What is the energy of a photon in J emitted by the transition from the ni = 4 to the nf = 2 of a hydrogen atom?
E = 2.18E-18 J(1/2^2 - 1/4^2)
To determine the energy of a photon emitted during the transition from the initial energy level ni to the final energy level nf in a hydrogen atom, we can use the formula:
E = ΔE = hc/λ
Where:
- E is the energy of the photon (in joules)

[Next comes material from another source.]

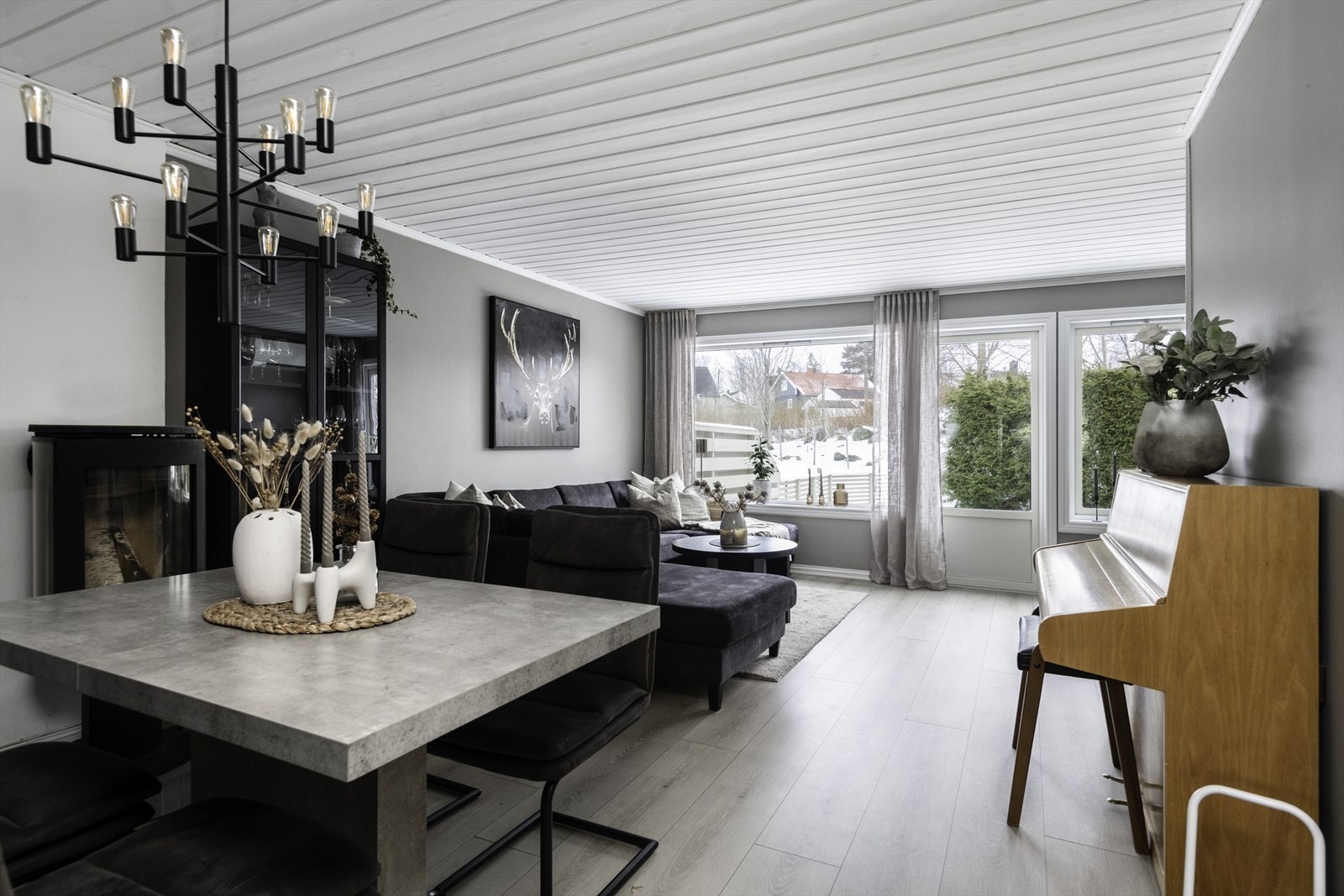 Luft til luft varmepumpe i stuen bidrar til effektiv oppvarming. Galleribilde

- ΔE is the change in energy between the initial and final levels
- h is Planck's constant (h = 6.626 x 10^-34 J·s)
- c is the speed of light (c = 3.00 x 10^8 m/s)
- λ is the wavelength of the photon
Since we are given the initial energy level (ni = 4) and the final energy level (nf = 2) of the transition, we can calculate the change in energy ΔE using the formula:
ΔE = -Rh[(1/ni^2) - (1/nf^2)]
Where:
- Rh is the Rydberg constant for hydrogen (Rh = 2.18 x 10^-18 J)
Plugging in the values, we have:
ΔE = - (2.18 x 10^-18 J)[(1/4^2) - (1/2^2)]
= - (2.18 x 10^-18 J)(1/16 - 1/4)
= - (2.18 x 10^-18 J)(1/16 - 4/16)
= - (2.18 x 10^-18 J)(-3/16)
= (2.18 x 10^-18 J)(3/16)
= 3.27 x 10^-19 J
Now, using the energy formula E = ΔE = hc/λ, we can solve for the wavelength λ:
(2.18 x 10^-18 J)(3/16) = (6.626 x 10^-34 J·s)(3.00 x 10^8 m/s)/λ
Simplifying:
3.27 x 10^-19 J = (19.878 x 10^-26 J·m)/λ
To solve for λ, we rearrange the equation:
λ = (19.878 x 10^-26 J·m)/(3.27 x 10^-19 J)
≈ 6.064 x 10^-7 m
Therefore, the energy of a photon emitted during the transition from ni = 4 to nf = 2 in a hydrogen atom is approximately 6.064 x 10^-7 meters.